I can’t fully articulate the reasons why, but I dislike the entire speed-running culture. I’ve always been someone who sinks as deeply as I possibly can into the environments that games provide, placing a lot of value on carefully crafted details, flora, object clutter and ambience.
Speed-running is essentially the exact opposite of this, and it takes what was intended to be an enjoyable escape and gamifies it beyond recognition. It becomes a sweaty, disgusting mess of button mashing, sprinting, wall-glitching, exploitation, and a bastardization of mechanics. I definitely get why some people find this interesting, but I just can’t find the off-switch for how much I hate watching it. It’s in a similar ballpark as extreme min-maxing in modern MMOs, where people get so addicted to arbitrarily raising numbers by the smallest margin that the game itself just evaporates into the background.

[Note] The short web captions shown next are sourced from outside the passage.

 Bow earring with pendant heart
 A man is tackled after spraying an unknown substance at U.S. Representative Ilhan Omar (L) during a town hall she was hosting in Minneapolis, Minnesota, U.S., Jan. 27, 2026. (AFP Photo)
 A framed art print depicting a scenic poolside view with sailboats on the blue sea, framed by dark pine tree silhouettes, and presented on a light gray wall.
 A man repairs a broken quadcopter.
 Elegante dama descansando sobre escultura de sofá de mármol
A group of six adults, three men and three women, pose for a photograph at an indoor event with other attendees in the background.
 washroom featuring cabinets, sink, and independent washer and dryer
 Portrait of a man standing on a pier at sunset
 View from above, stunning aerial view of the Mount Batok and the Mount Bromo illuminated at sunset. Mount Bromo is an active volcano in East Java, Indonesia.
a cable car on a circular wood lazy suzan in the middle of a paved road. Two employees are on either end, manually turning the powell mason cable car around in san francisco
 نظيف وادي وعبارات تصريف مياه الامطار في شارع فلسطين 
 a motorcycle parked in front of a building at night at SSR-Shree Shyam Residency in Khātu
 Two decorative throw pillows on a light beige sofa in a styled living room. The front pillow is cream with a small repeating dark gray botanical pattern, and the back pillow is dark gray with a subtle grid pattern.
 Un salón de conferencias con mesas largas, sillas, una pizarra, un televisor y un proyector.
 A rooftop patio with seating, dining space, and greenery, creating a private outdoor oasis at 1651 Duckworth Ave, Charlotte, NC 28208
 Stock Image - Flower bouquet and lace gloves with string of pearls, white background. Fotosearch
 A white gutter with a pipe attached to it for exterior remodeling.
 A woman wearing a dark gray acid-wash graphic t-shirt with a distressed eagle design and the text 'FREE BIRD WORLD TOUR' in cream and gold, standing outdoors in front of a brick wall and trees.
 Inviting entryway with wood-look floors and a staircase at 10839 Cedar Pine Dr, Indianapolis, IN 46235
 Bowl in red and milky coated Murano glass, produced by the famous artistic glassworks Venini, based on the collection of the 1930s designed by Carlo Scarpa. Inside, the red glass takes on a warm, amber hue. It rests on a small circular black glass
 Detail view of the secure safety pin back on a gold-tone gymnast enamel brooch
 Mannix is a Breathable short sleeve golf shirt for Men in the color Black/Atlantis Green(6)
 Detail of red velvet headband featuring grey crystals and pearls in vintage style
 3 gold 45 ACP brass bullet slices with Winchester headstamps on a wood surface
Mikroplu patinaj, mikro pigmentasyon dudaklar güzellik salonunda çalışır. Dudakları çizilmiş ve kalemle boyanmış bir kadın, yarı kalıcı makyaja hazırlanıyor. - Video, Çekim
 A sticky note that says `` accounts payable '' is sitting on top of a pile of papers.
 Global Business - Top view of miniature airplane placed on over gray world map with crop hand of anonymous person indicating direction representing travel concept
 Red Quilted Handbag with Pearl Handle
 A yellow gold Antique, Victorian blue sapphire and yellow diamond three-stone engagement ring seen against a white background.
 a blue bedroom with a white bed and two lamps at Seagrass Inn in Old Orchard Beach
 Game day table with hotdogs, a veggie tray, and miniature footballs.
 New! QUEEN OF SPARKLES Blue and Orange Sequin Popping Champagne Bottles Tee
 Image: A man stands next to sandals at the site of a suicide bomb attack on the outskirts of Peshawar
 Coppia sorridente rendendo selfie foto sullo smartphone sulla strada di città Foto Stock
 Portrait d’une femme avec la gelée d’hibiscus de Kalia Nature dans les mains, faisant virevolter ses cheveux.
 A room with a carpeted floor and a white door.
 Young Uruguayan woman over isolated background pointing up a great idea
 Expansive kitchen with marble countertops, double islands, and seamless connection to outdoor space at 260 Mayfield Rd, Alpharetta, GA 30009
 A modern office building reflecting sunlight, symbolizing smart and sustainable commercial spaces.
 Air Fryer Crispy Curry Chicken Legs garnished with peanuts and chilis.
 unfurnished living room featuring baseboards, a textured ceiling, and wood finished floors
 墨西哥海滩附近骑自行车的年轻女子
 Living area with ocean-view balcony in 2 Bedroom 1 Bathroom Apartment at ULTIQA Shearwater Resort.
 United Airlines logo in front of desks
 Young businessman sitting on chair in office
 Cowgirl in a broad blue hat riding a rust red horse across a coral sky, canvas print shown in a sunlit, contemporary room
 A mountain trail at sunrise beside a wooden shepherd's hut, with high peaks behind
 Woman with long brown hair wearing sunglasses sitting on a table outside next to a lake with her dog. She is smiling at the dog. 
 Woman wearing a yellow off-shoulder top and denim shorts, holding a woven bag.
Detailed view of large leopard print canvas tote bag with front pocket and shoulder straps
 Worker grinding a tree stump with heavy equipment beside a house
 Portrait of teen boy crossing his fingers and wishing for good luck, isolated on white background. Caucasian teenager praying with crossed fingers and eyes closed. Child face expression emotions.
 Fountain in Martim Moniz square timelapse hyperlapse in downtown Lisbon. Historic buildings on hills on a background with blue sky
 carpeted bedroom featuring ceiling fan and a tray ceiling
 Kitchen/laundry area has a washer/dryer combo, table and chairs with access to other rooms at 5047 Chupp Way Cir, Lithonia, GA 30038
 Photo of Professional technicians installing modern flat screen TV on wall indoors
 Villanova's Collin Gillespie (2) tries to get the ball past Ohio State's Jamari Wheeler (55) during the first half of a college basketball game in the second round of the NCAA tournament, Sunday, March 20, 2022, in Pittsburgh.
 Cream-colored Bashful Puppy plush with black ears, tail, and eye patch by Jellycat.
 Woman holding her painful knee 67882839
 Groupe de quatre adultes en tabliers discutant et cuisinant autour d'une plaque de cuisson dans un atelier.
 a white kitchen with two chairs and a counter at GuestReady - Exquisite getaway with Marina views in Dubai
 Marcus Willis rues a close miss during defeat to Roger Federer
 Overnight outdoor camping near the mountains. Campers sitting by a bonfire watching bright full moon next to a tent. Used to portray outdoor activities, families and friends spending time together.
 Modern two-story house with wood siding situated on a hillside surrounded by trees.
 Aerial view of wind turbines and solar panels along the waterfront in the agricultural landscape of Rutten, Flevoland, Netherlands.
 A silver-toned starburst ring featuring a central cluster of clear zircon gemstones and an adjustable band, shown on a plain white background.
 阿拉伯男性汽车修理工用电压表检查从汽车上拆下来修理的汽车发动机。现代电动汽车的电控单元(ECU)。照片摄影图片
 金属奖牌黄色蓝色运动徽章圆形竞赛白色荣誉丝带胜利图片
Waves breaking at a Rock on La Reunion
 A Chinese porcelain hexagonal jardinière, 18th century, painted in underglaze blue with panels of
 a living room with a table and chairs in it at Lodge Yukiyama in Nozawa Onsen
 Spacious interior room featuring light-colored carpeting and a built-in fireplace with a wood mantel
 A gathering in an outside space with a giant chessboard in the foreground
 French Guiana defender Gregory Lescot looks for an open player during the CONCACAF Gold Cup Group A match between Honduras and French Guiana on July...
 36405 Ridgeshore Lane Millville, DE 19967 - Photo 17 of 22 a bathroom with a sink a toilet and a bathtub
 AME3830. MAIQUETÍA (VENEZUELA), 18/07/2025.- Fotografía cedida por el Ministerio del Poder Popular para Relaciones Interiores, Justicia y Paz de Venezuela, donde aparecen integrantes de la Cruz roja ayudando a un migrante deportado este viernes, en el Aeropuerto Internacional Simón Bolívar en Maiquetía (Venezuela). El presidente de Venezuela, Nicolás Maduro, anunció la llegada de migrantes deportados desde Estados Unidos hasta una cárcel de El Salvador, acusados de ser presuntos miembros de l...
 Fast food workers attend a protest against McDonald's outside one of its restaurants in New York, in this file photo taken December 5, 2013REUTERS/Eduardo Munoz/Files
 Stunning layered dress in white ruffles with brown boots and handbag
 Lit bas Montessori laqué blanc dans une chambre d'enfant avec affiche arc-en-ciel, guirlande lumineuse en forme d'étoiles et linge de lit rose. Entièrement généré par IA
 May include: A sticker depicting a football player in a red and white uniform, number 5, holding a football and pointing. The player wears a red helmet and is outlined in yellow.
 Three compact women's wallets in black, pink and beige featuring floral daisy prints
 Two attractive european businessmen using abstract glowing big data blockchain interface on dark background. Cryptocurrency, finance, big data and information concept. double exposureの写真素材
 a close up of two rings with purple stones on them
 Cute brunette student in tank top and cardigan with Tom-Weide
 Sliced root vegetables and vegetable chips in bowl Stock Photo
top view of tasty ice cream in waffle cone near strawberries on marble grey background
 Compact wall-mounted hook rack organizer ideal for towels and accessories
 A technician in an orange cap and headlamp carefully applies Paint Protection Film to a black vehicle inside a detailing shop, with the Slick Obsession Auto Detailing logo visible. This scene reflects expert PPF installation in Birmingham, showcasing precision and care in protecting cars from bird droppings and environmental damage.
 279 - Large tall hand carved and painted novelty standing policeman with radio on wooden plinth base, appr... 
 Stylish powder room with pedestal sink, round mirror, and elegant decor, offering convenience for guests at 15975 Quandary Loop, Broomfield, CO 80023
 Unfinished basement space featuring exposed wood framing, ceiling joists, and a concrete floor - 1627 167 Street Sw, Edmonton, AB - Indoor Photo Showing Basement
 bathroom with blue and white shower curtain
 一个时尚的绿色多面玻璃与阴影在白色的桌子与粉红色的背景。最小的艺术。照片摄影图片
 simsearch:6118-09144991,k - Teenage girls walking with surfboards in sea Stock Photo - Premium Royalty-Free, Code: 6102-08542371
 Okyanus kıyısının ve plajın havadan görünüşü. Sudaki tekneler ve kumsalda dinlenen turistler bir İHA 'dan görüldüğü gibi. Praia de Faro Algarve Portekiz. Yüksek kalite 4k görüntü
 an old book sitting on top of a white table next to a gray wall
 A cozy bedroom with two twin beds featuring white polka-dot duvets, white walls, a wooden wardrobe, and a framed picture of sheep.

Dunstabzugshaubitze@feddit.org 3 days ago
i don’t get the nihilism angle. it seems to be all about selffulfilment and pushing oneself to see what one is capable of. simmiliar to triathlets, race car drivers or climbers.
dwindling7373@feddit.it 3 days ago
Making your own valorial framework is a close cousin to accepting there is no inherent one.
This is true for many things (all things?), but I think we can agree that as pointless or challenging being fast driving a car still welcomes the intended use of the car, is surrounded by a broadly shared and accepted economical advantage.
Esports would be the equivalent, pushing to be the best at a game, the way it’s meant to be played.
Speedrun is getting into a racing car and mastering with an iron will getting in and out as fast as possible.